Board member Mendy Boggs said she skimmed The Eagle’s report on the Jenkins board meeting and saw the information contained in the final two paragraphs.
“ Didn’t really have a chance to sit down and read it completely,” said Boggs. “I was a little insulted. There was no evidence to back it up. There was just a comment and that was it. I’ve only been on the board a year, but I hadn’t heard anything about it.”
Letcher County Area Technology Center Principal Dejah Burton told the board that Jenkins students were not treated any differently than student from the county school district.
“I don’t feel that we have done any injustice at all,” said Burton.
Although Burton said she didn’t receive any complaints from Jenkins students, three students might have been dissatisfied that they were unable to take a nursing class this past school year.
Letcher schools began the 2013–14 school year a few days before Jenkins and, Burton said, the nursing class had already been filled by the time the Jenkins students signed up for classes. Three juniors wanted to enroll in nursing and Burton said she told them that she would make sure they were enrolled in the class for their senior year.
Burton told the Letcher board at Monday night’s meeting that she did have difficulty communicating with the Jenkins district.

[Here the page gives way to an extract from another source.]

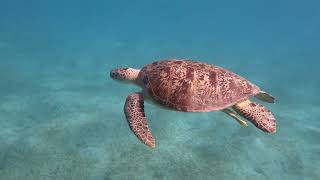 Marsa Mubarak  Dugong amp Green Turtles [upl. by Margarida924]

“I’ve always tried to have communications with them and couldn’t get them to,” said Burton. “I’ve sent emails that never get replies. I’ve called. (We couldn’t) get them to give me any information. We never knew when they were coming or if they were staying there for a test.”
Most Jenkins students who took a class at the Letcher vocational school enrolled in the electricity class, Burton said.
“All of them enjoyed it immensely. They really liked the class,” said Burton.
Burton said she also read about the Jenkins board’s decision in The Eagle.
“They never came to me with anything about it,” said Burton. “I just read about it myself.”